İnkalar’ın harç kullanmadan, kuru taş teknolojisi ile inşa ettikleri şehirde en çok ilgiyi Intihuatana Taşı, Güneş Tapınağı ve Üç Pencereli Oda çeker. Bir kısmı teraslanarak tarım için ayrılmış olan Machu Picchu’nun hem teraslama, hem de taş işçiliğindeki ustalık, bugünkü teknolojiyle bile zor ulaşılacak üstünlüktedir.
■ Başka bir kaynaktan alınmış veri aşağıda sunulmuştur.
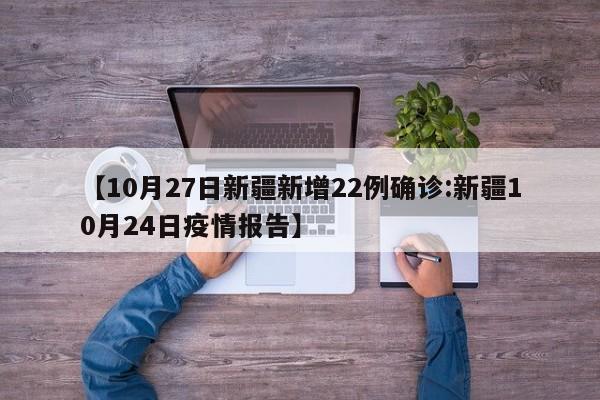 【10月27日新疆新增22例确诊:新疆10月24日疫情报告】-第1张图片-冰雨资讯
Şehir lamalarla el ele gezildikten sonra gitme vakti geldiğinde dağların eteğindeki, 8 km uzaklıktaki Agues Calientes Kasabası‘na minibüsle ya da yürüyerek inilebilir. Yalnız sürekli merdiven inerek devam eden yürüyüşün 1,5 saat sürdüğünü dikkate almak gerekir. Aksi takdirde, her ne kadar sportif bile olunsa, insanın dizlerinin bağının çözülüp bacakların tir tir titremesi kaçınılmazdır.
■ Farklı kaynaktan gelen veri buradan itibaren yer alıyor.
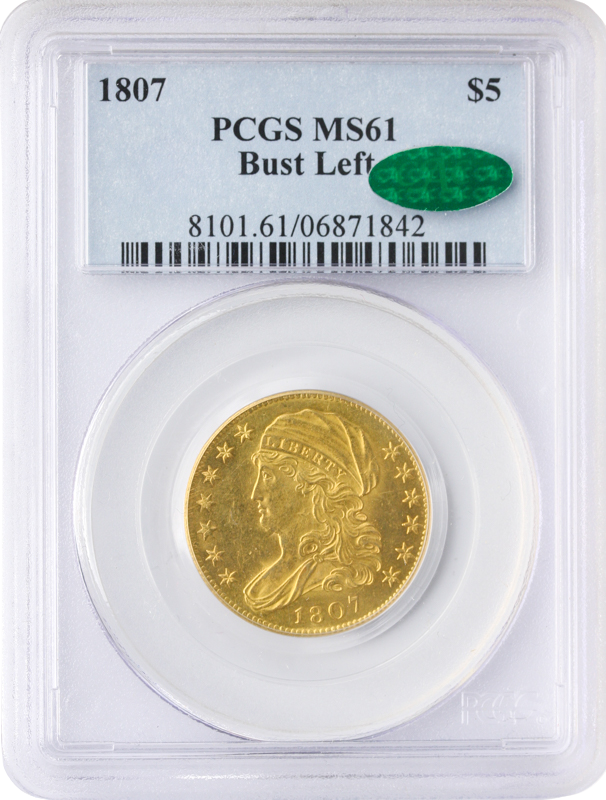 1807 $5 Capped Bust Left PCGS MS61 CAC 1807 $5 Capped Bust Left PCGS MS61 CAC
Urubamba Nehri’nin kıyısında, dağların arasında sıkışıp kalmış Agues Calientes Kasabası, turistik, doğal ve oldukça şirin bir yerleşimdir. Doğa öylesine muhteşemdir ki, insanın burayı bırakıp gidesi gelmez…

Yürüyüş programına göre bir gün sonra güneşin doğuşunu izlemek için sabahın erken saatlerinde Machu Picchu’ya minibüsle tekrar çıkılır. Böylece gezginlerin listesinde başrol oynayan kayıp şehir Machu Picchu manzarası bir kez daha doyasıya izlenebilir; doğaya, evrene ve İnkalar’a teşekkür gönderilebilir…
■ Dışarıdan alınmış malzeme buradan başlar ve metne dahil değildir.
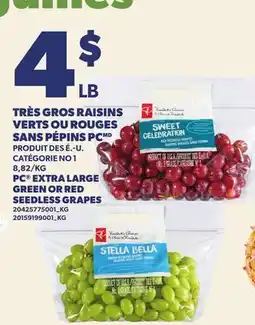 Provigo TRÈS GROS RAISINS VERTS OU ROUGES SANS PÉPINS PC | PC EXTRA LARGE GREEN OR RED SEEDLESS GRAPES offer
Veda vakti geldiğinde Agues Calientes’e minibüsle inilir ve trene binip dönüş yolculuğuna başlanır.
Cusco ve Machu Picchu’yu kısa süreliğine de olsa yaşamak, hafızalarda hep yer eder ve en özel gezilerden biri olarak kalır. Dileyen her gezgine kısmet olması umuduyla… (Yazar: Yaprak Gurdal)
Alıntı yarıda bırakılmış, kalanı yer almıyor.